Segment Start: PROVIDED RECORDS
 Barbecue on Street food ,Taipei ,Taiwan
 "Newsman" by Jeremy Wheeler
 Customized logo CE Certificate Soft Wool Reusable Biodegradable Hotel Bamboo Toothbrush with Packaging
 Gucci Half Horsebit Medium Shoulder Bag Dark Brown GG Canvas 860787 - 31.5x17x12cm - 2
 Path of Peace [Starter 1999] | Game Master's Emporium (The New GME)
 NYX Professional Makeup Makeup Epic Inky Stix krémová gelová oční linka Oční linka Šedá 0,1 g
Segment End: PROVIDED RECORDS
Segment Start: PROVIDED RECORDS
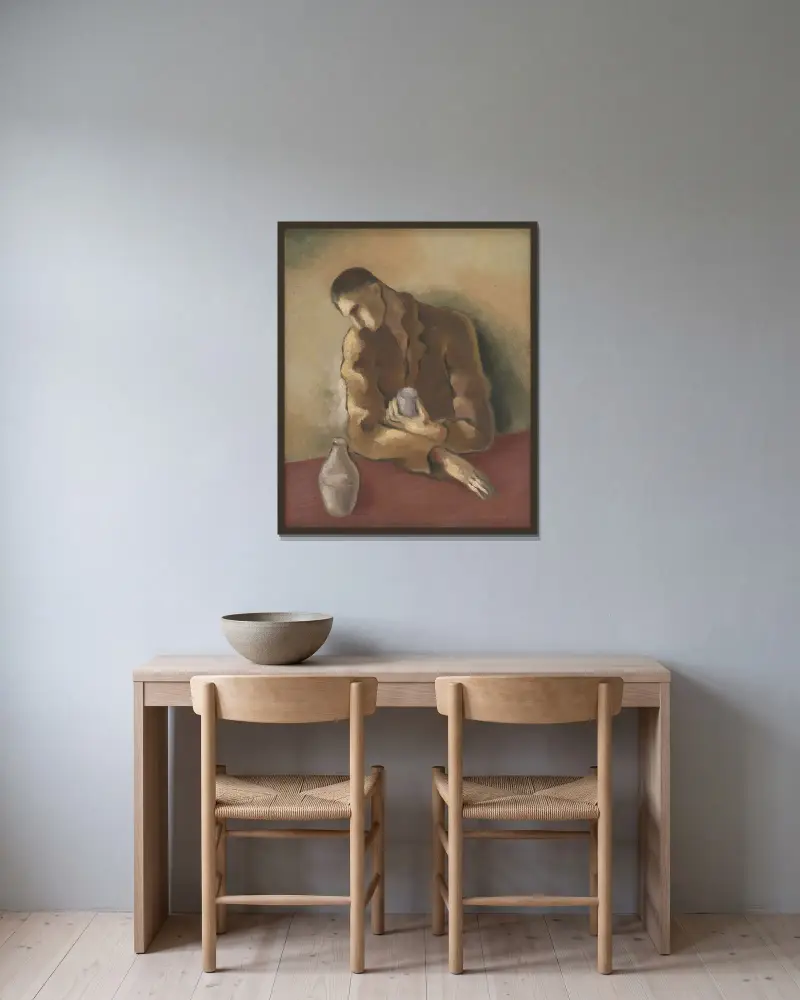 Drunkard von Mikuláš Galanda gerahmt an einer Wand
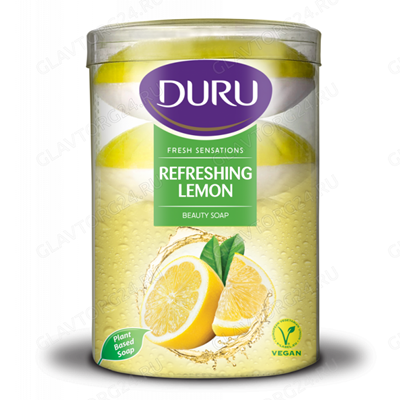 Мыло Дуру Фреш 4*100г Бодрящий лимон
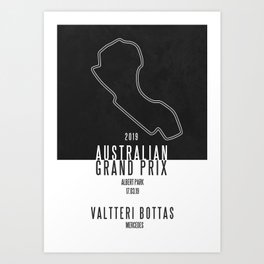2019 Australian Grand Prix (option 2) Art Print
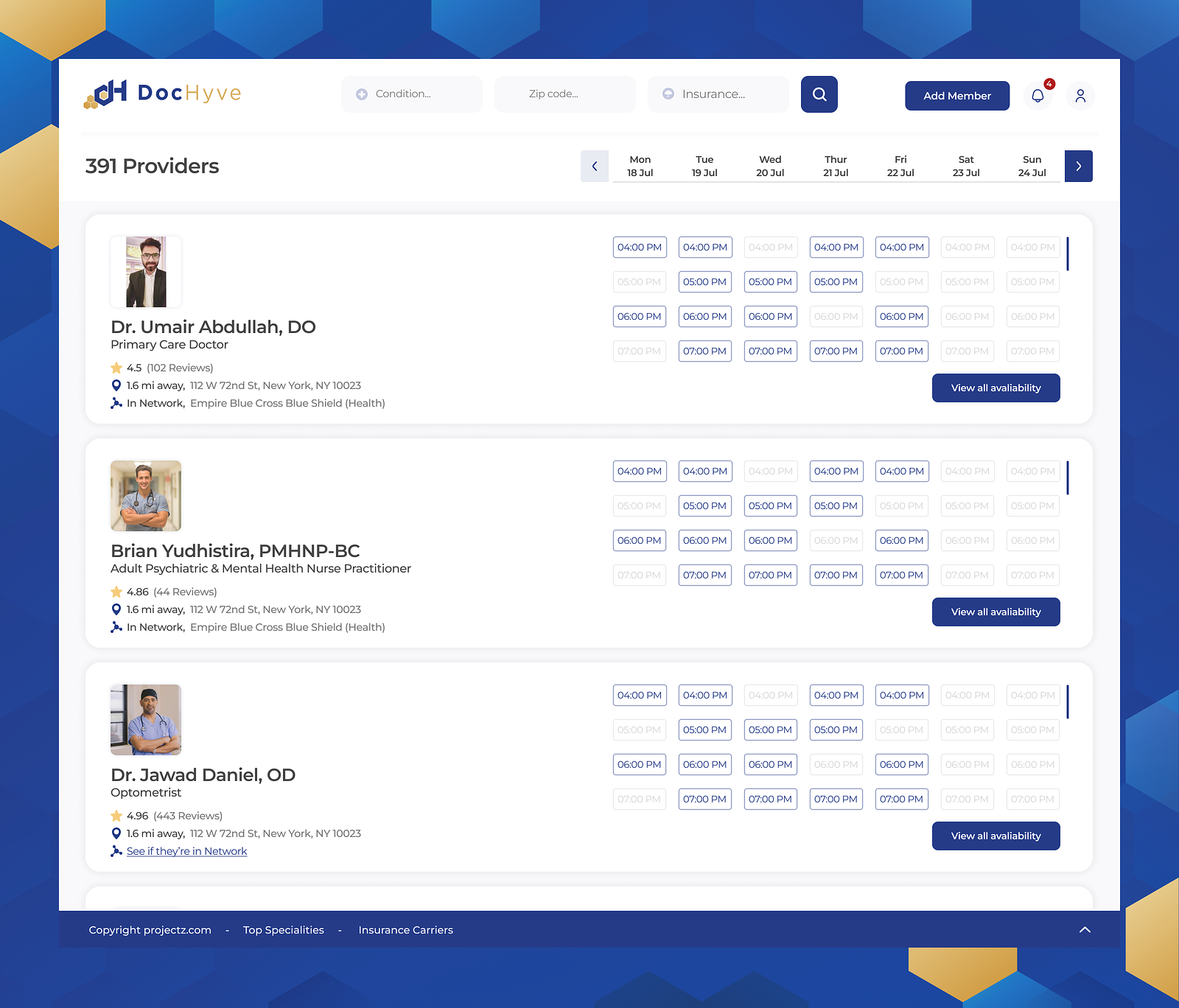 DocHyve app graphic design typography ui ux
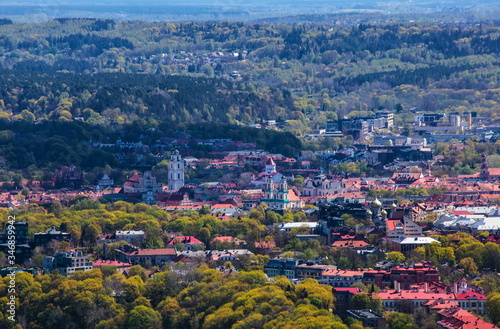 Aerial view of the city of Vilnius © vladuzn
Segment End: PROVIDED RECORDS
Segment Start: PROVIDED RECORDS
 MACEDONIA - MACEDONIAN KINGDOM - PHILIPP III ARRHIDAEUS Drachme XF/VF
Segment End: PROVIDED RECORDS
#### DESCRIPTION OF THE TASK
When the line with "Barbecue on Street food ,Taipei ,Taiwan" is reached in the data above, begin copying, and stop after the line with "NYX Professional Makeup"; copy each line exactly, both ends included.

#### OUTPUT OF THE EXERCISE
 Barbecue on Street food ,Taipei ,Taiwan
 "Newsman" by Jeremy Wheeler
 Customized logo CE Certificate Soft Wool Reusable Biodegradable Hotel Bamboo Toothbrush with Packaging
 Gucci Half Horsebit Medium Shoulder Bag Dark Brown GG Canvas 860787 - 31.5x17x12cm - 2
 Path of Peace [Starter 1999] | Game Master's Emporium (The New GME)
 NYX Professional Makeup Makeup Epic Inky Stix krémová gelová oční linka Oční linka Šedá 0,1 g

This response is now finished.